I'd like to start from scratch, pretend I know nothing, which is almost the case, and understand the fundamentals of jetters. GPM and PSI: the impact of each available combination.

Pressure drop per foot of hose, type of hose, GPM drop per foot, Warthog vs Root Ranger, the correct application for each nozzle, including 1 forward three back, ect.

Manufacture specs vs reality. Manufacture reliability. One thing I've heard about US jetters is problems with their remotes, but are great machines... as an example.

Dialing down pressure and flow? With a remote vs foot pedal or ball valve? Impact on the pump if you cut the flow off with a ball valve? Does it automatically cycle back to the tank protecting the pump?

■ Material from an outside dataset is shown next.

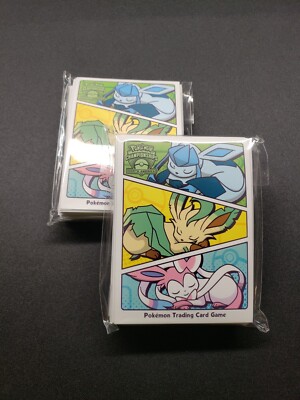 2023 Pokemon NAIC Sleeves Sealed North American International Championships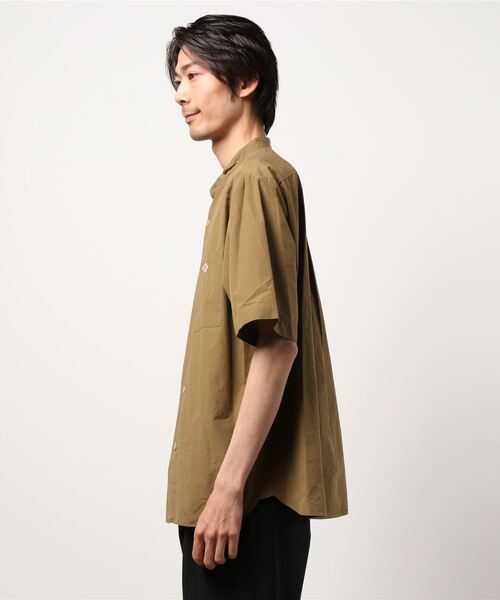 【おすし】DANTON ネイビー 半袖シャツ 42 Danton 「DANTON」 半袖シャツ 42 ネイビー メンズ : ZOZOTOWN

Belt drive vs direct drive?

Winterization will be a big thing for me. Blow out the system or antifreeze? Or does it depend on the system/manufacture?

I'm hoping this thread will be about theory, statistics, and objective thoughts on what works for what, what advantages/disadvantages per manufacture.


----------



## Toli (Nov 7, 2015)

Here's a fluid flow calculator- http://www.gates.com/catalogs-and-resources/resources/repository/calculator/fluid-flow-calculator

I've never ran a root ranger so I can't comment on it. A lot of people love them. The warthog is a fairly decent nozzle in my opinion. I use it a lot. 

HP=(PSI x GPM) / 1100 is a formula that gets thrown around a lot for gas engine jetters. The 1100 number changes for electric or Diesel engines. I can't remember what they are. And things like elevation above sea level will mess that up as well. 

Using that formula you can look at jetter specs and see if they jive. Some have left me scratching my head. Some will overstate what they're machines can do- don't bank on a 120volt machine being very successful in 6". They're are manufacturers that claim they will. 

Small machines with an unloader will cycle the water back to the tank or back through the pump if there's no tank when you shut it off. I ran a foot pedal on my old machine to keep my hands free and if something went wrong it's easy to stop it.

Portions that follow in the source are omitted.